-1 Ditto, Bill; obligatory veto just because there was way too much
confusion and uncertainty. Although I generally liked what was proposed,
there's too much unrest within the rest of the community for me to +1 in
good conscience.
Bill Havanki wrote:
-1
The huge amount of discussion shows that the guidelines need to be updated
to reflect the general opinion and add specifics. Despite my vote, I think
it's great that all the discussion is happening. It should render a great
next set of guidelines.
On Tue, Dec 2, 2014 at 3:01 PM, Christopher<ctubb...@apache.org> wrote:
Following the conversation on the [VOTE] thread for ACCUMULO-3176, it seems
we require an explicit API guidelines at least for 1.7.0 and later until
2.0.0.
I hereby propose we adopt the following guidelines for future releases (if
we produce any such releases) until 2.0.0:
API additions are permitted in "major" 1.x releases (1.7, 1.8, 1.9, 1.10,
etc.).
API should be forwards and backwards compatible within a 1.x release (no
new additions to the API in a "bugfix" release; e.g. 1.7.1).

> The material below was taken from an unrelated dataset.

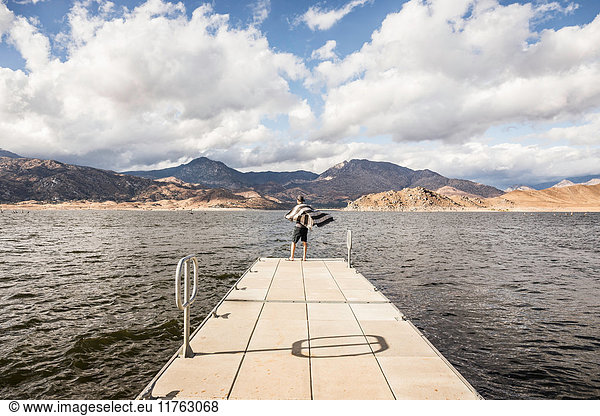 Rear view of man looking out from windy pier on Lake Isabella  California  USA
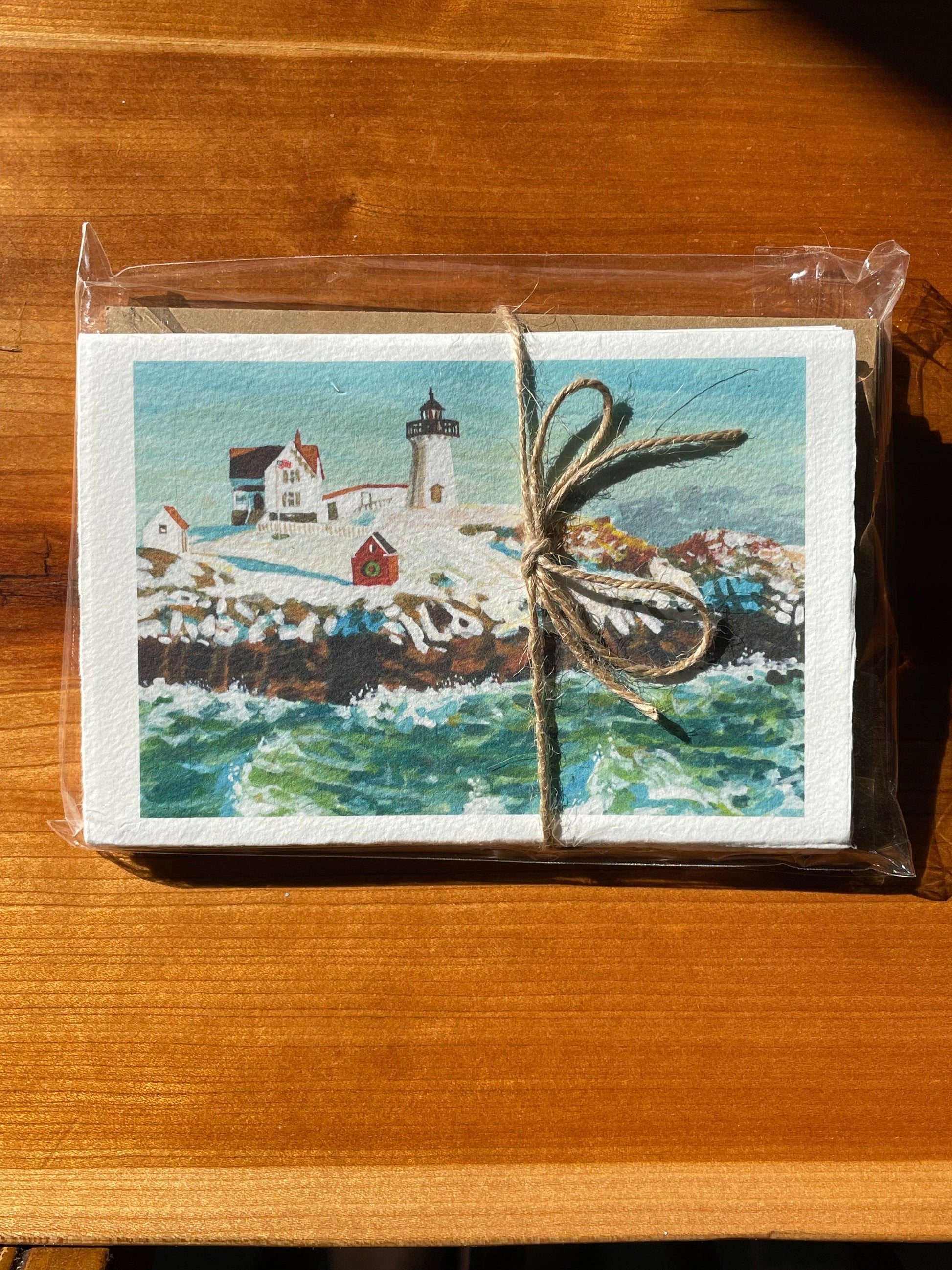 Print of handpainted nubble lighthouse by Brandy Cressey for Florence Farmstead. Nubble Lighthouse in York, Maine in the winter with Christmas wreath and crashing waves.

New API in 1.7.0 and later 1.x releases will not be removed in 2.0 (though
they may be deprecated in 2.0 and subject to removal in 3.0).
Existing API in 1.7.0 will be preserved through 2.0, and should only be
subject to removal if it was already deprecated prior to 1.7.0 (though they
may be deprecated in 2.0 and subject to removal in 3.0).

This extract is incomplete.